[INFORMATION SUPPLIED — start]
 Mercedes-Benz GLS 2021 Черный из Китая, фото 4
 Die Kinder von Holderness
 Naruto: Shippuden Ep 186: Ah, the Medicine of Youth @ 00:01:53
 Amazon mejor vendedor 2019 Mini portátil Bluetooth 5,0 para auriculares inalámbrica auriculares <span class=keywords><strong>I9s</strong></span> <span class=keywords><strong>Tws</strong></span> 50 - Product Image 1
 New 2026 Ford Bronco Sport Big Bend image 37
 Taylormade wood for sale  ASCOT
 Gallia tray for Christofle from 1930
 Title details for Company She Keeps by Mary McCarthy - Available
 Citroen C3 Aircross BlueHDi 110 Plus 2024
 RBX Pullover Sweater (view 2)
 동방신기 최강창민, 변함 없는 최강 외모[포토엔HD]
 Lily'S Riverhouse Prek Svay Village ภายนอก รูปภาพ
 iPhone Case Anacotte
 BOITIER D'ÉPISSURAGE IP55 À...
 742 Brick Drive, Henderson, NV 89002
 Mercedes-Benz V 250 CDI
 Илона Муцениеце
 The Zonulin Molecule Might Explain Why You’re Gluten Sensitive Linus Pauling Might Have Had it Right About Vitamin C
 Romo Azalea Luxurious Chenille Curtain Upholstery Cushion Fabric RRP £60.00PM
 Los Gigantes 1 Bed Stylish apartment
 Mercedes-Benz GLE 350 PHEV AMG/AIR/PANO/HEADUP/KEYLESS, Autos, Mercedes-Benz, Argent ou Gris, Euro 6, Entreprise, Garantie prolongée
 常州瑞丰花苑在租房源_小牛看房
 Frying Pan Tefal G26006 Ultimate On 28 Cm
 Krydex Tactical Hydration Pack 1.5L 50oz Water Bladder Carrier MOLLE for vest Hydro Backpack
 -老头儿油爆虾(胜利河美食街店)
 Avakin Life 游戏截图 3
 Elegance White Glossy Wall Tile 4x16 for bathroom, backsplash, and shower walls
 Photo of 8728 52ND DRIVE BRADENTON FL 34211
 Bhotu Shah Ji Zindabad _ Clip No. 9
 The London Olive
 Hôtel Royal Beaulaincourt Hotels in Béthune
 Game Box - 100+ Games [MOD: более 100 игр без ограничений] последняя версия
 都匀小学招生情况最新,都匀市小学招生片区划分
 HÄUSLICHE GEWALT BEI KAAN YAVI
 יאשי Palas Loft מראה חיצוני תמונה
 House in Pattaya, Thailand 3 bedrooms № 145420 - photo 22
[INFORMATION SUPPLIED — finish]
■ REQUIRED WORK:
In the listing above, find each line with the word "Benz" and copy it.

■ REPLY TO THE EXERCISE:
 Mercedes-Benz GLS 2021 Черный из Китая, фото 4
 Mercedes-Benz V 250 CDI
 Mercedes-Benz GLE 350 PHEV AMG/AIR/PANO/HEADUP/KEYLESS, Autos, Mercedes-Benz, Argent ou Gris, Euro 6, Entreprise, Garantie prolongée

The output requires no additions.